最近、どこかの雑誌で見た記事の「団地」というキーワードが意外に新鮮で、
そういえば団地ということばを初めて耳にしたのは、中学の頃だった。
当時できた友人の多くが団地住まいで、彼らの家に遊びにでかけた折、
農家のだだっ広さにはない、ぎゅっとした密度感がとても魅力的に思えた。
農家の人間関係のウエットさとは違う、家族の各人が持つ距離感がモダンにも感じられた。

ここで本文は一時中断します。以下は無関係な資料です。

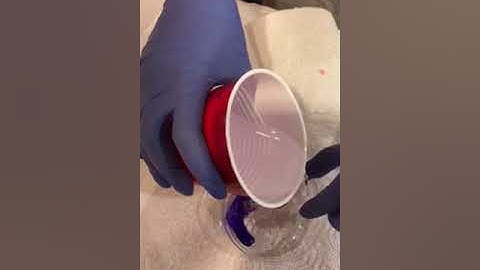 Bacteria morphology and staining techniques Exercise 1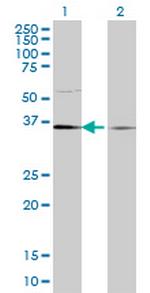 TCEA1 Antibody in Western Blot (WB)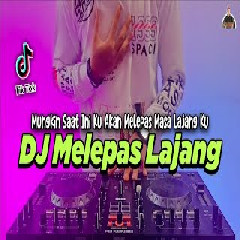 Download lagu Dj Didit - Dj Melepas Lajang Viral Tiktok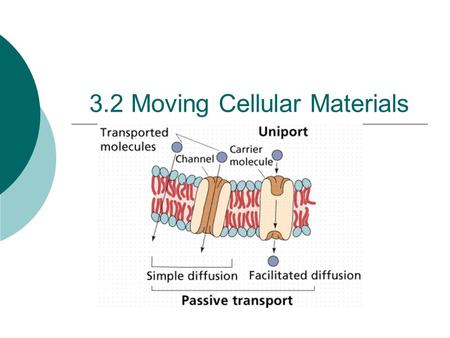 3.2 Moving Cellular Materials. Passive Transport  A cell has a membrane around it that works for a cell like a window screen does for a room.  A cells.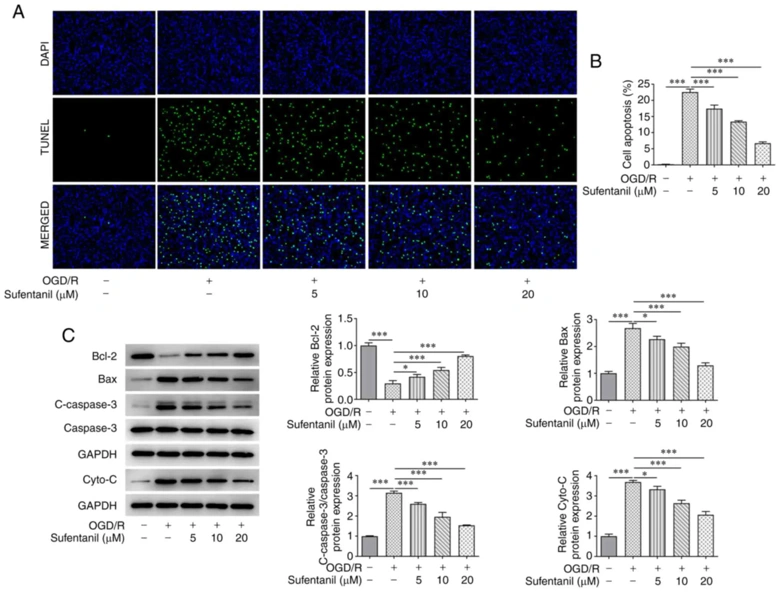 Sufentanil inhibits the apoptosis of OGD/R-induced human cardiac microvascular endothelial cells.
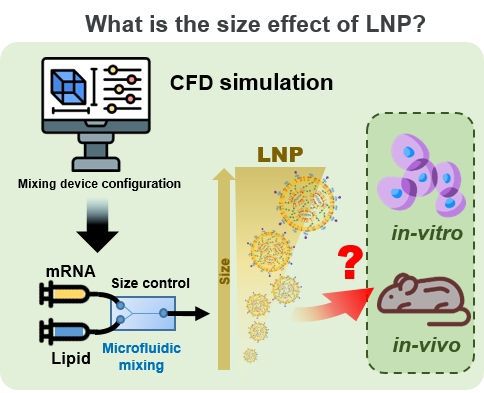 mRNA 전달효과 모식도. 가톨릭중앙의료원 제공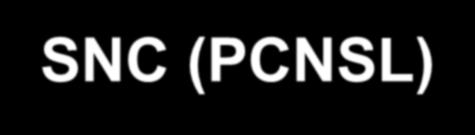 Linfomi cerebrali primitivi del SNC (PCNSL) 1% di tutti i linfomi; 6% di tutti i tumori endocranici; lieve prevalenza sesso maschile; picco di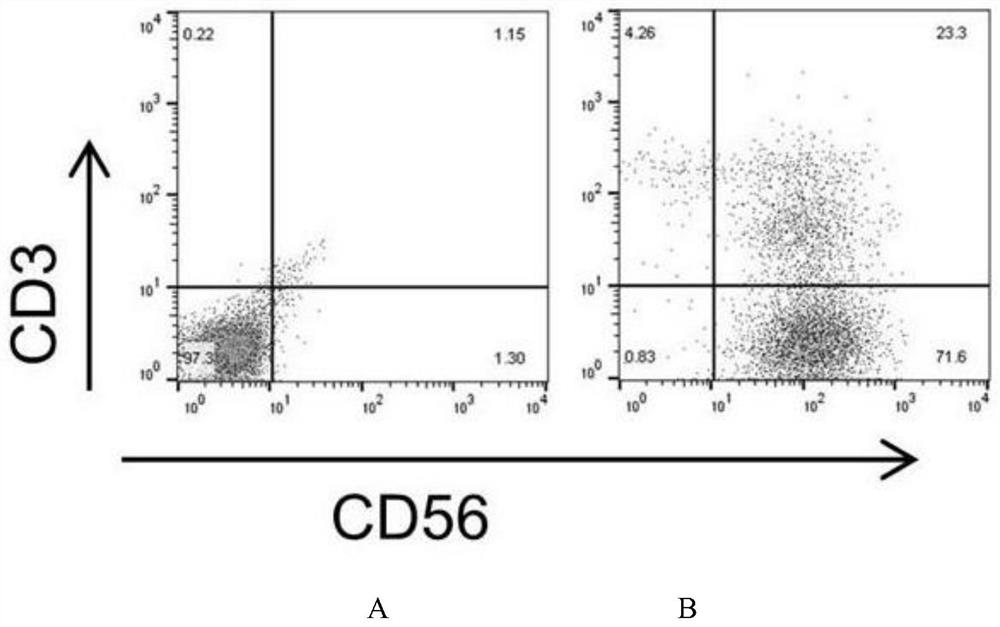 A kind of trophoblast cell and its application in expanding human NK cells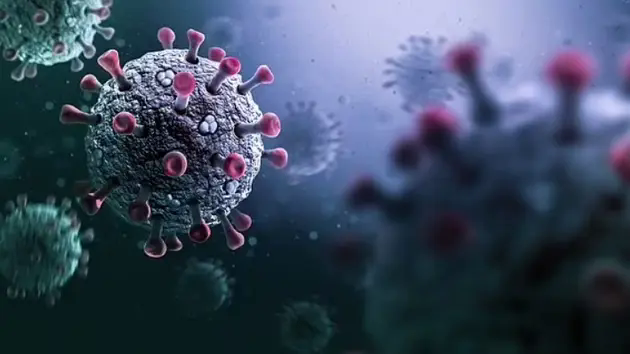 Virus corona mới HKU5 hiện kh&ocirc;ng g&acirc;y nguy hiểm cho con người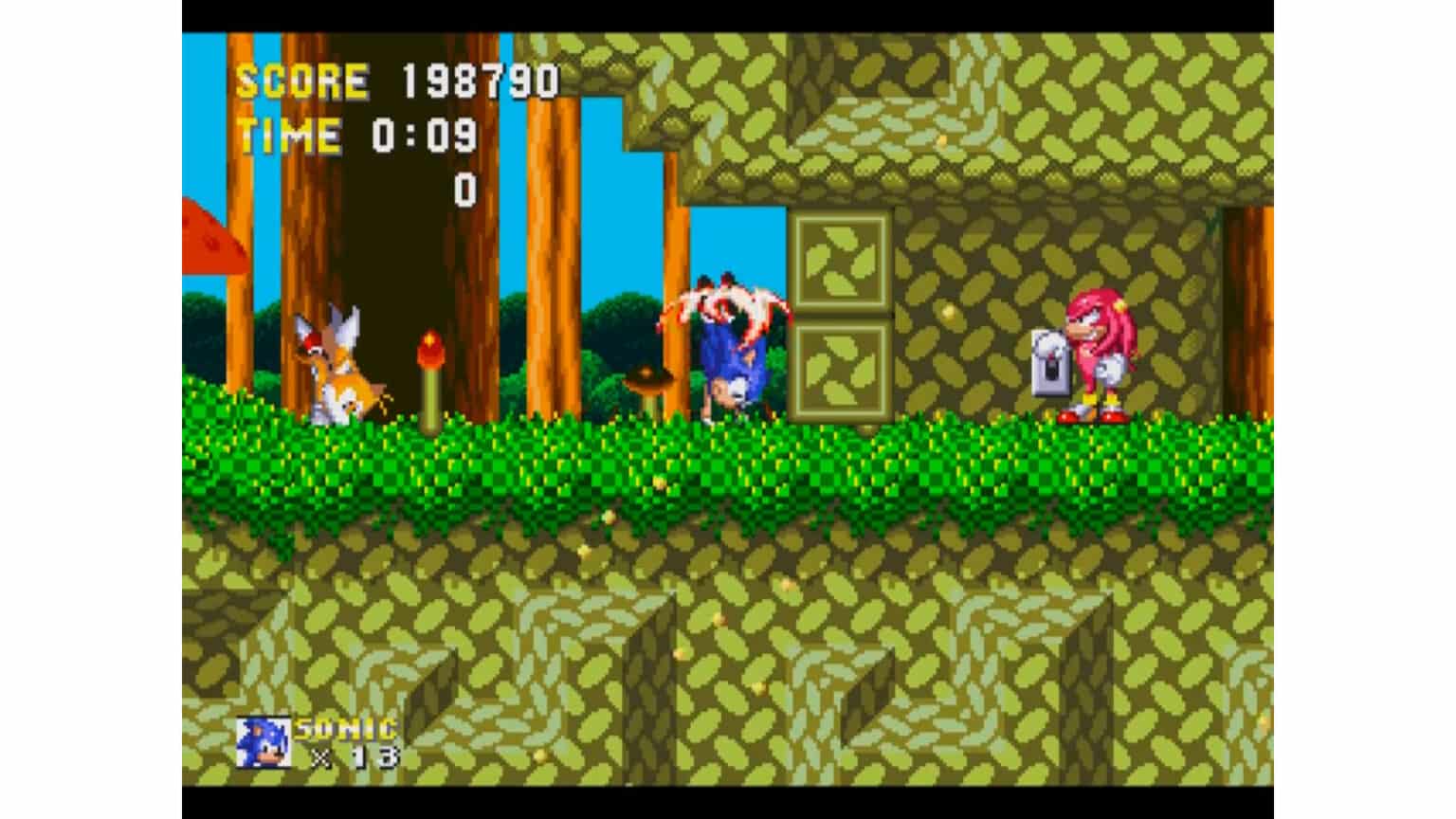 Sonic 3 & Knuckles Cheats & Cheat Codes for Sega Genesis and PC Cheat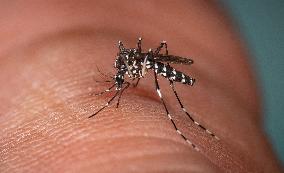 New EU record for viral disease brought by Tiger mosquitoes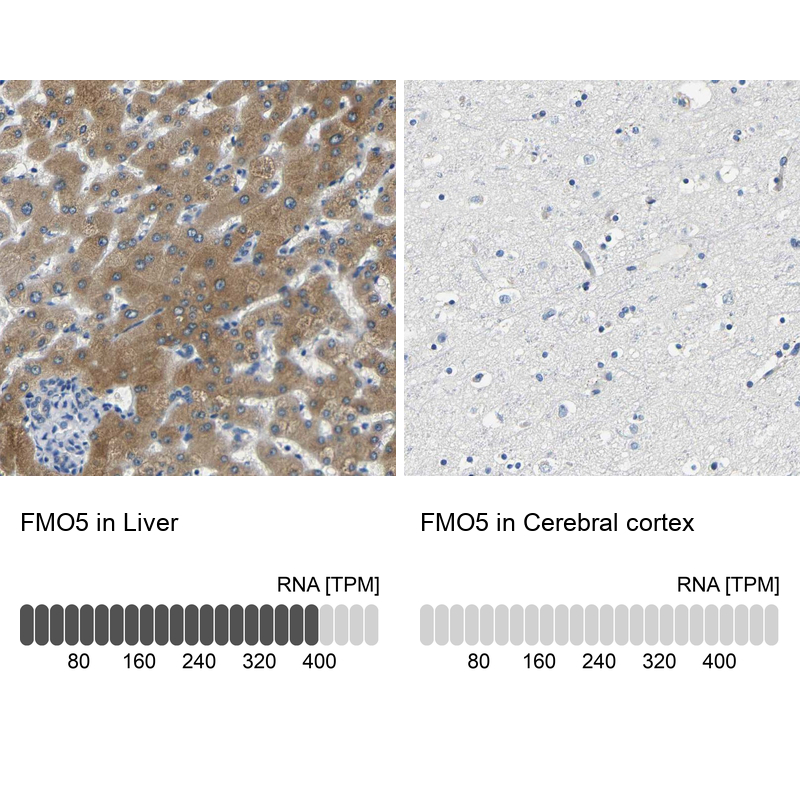 Anti-FMO5 Antibody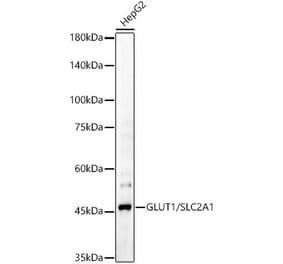 Western Blot - Anti-Glucose Transporter GLUT1 Antibody (A15463) - Antibodies.com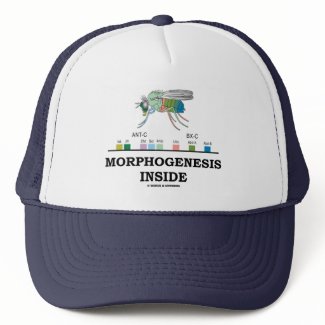 Morphogenesis Inside (Fruit Fly Drosophila Genes) hat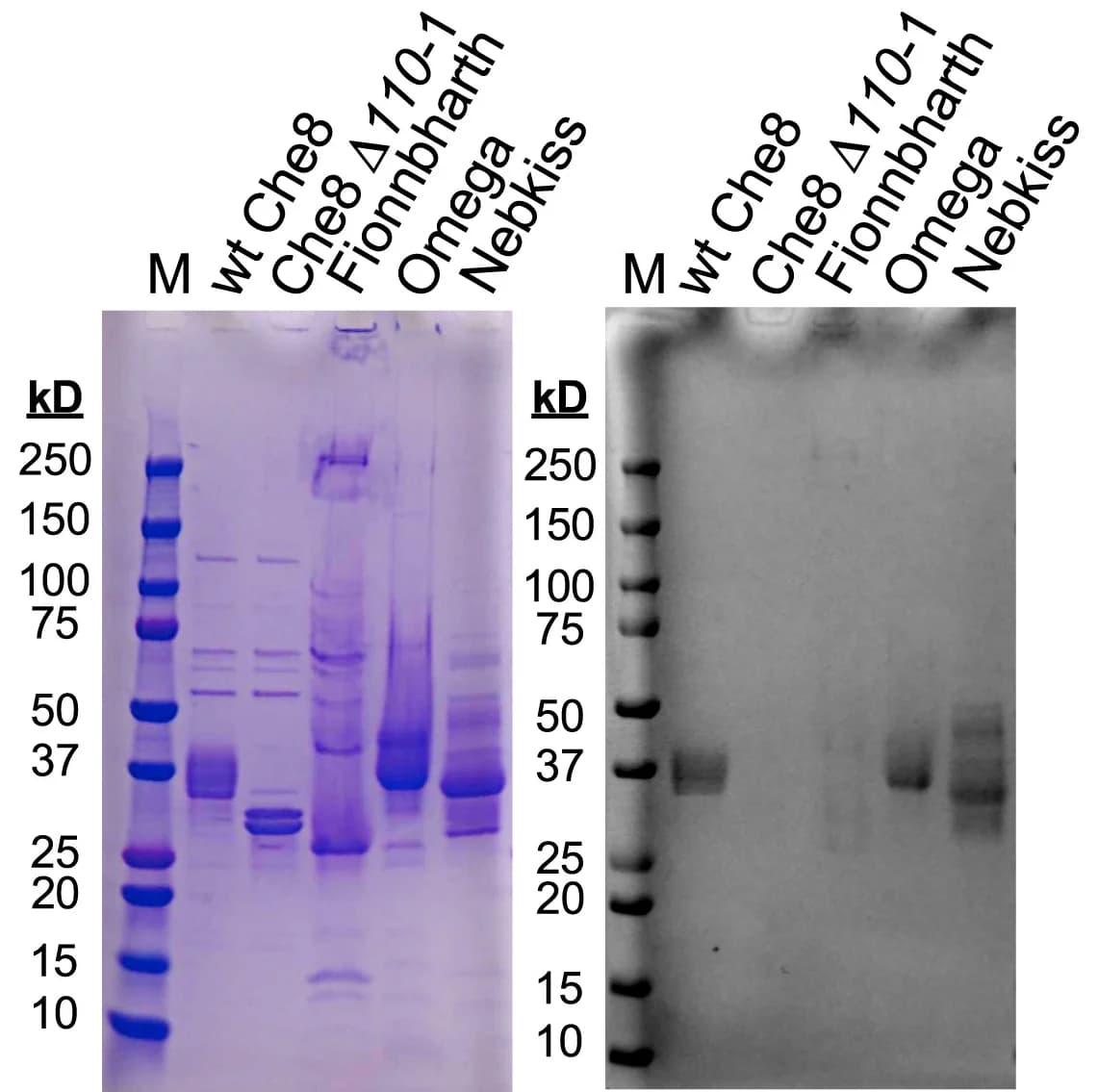 Open access visualization of Gel, Glycosylation, Virions, Phage proteins, SDS-PAGE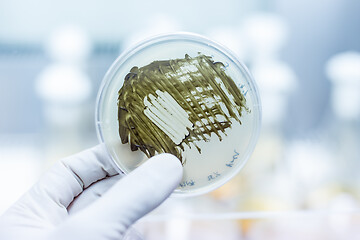 Image showing Scientist growing bacteria in petri dishes on agar gel as a part of scientific experiment.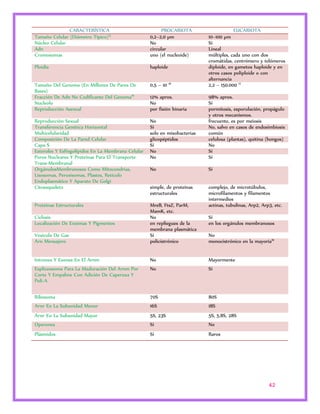 42 
CARACTERÍSTICA PROCARIOTA EUCARIOTA 
Tamaño Celular (Diámetro Típico)15 0,2–2,0 μm 10–100 μm 
Núcleo Celular No Sí 
Adn circular Lineal 
Cromosomas uno (el nucleoide) múltiples, cada uno con dos 
cromátidas, centrómero y telómeros 
Ploidía haploide diploide, en gametos haploide y en 
otros casos poliploide o con 
alternancia 
Tamaño Del Genoma (En Millones De Pares De 
Bases) 
0,5 – 10 16 2,2 – 150.000 17 
Fracción De Adn No Codificante Del Genoma18 12% aprox. 98% aprox. 
Nucleolo No Sí 
Reproducción Asexual por fisión binaria pormitosis, esporulación, propágulo 
y otros mecanismos. 
Reproducción Sexual No frecuente, es por meiosis 
Transferencia Genética Horizontal Sí No, salvo en casos de endosimbiosis 
Multicelularidad solo en mixobacterias común 
Composición De La Pared Celular glicopéptidos celulosa (plantas), quitina (hongos) 
Capa S Sí No 
Esteroles Y Esfingolípidos En La Membrana Celular No Sí 
Poros Nucleares Y Proteínas Para El Transporte 
No Sí 
Trans-Membranal 
OrgánulosMembranosos Como Mitocondrias, 
Lisosomas, Peroxisomas, Plastos, Retículo 
Endoplasmático Y Aparato De Golgi 
No Sí 
Citoesqueleto simple, de proteínas 
estructurales 
complejo, de microtúbulos, 
microfilamentos y filamentos 
intermedios 
Proteínas Estructurales MreB, FtsZ, ParM, 
MamK, etc. 
actinas, tubulinas, Arp2, Arp3, etc. 
Ciclosis No Sí 
Localización De Enzimas Y Pigmentos en repliegues de la 
membrana plasmática 
en los orgánulos membranosos 
Vesícula De Gas Sí No 
Arn Mensajero policistrónico monocistrónico en la mayoría19 
Intrones Y Exones En El Arnm No Mayormente 
Espliceosoma Para La Maduración Del Arnm Por 
No Sí 
Corte Y Empalme Con Adición De Caperuza Y 
Poli-A 
Ribosoma 70S 80S 
Arnr En La Subunidad Menor 16S 18S 
Arnr En La Subunidad Mayor 5S, 23S 5S, 5.8S, 28S 
Operones Sí No 
Plásmidos Sí Raros 
 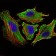 STAT6 Primary Antibody MP30068 [M7D3]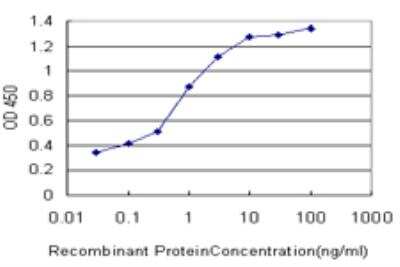 ELISA: Paralemmin Antibody (7C5) [H00005064-M09]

まるで覗き趣味のようだが、住まいの様子をこうした本で眺めたりするのは、
その人の人生をほんの少し体験させてもらうような錯覚があって、
< 家族の存在や、生活そのものや、趣味・・・
凝り固まった頭を解すのにとても具合がよかったりする。
東京R不動産という会社は賃貸好きなら知らない人はいないだろうユニークな企業で、
彼らの視線でまとめられたこの団地本も、
団地というキーワード、空間を通じて生活をどう楽しむかの提案が盛りだくさんだ。
今度もしも仕事が変わることになったら、
住み替えと同じように、新しい環境を得るチャンスと前向きに考えられるだろうか。
もう少し時間に余裕のある職場にかわれたら、
もっと緑がたくさんあって、月夜の明るさが嬉しくなるような郊外に住めるかもしれない。
寒くて気が塞ぐ2月の重たさを、たった数十分で別方向へ振り向ける馬力のある本。
「生き方本」がうざったく感じる向きにも店頭で眺めて欲しい1冊。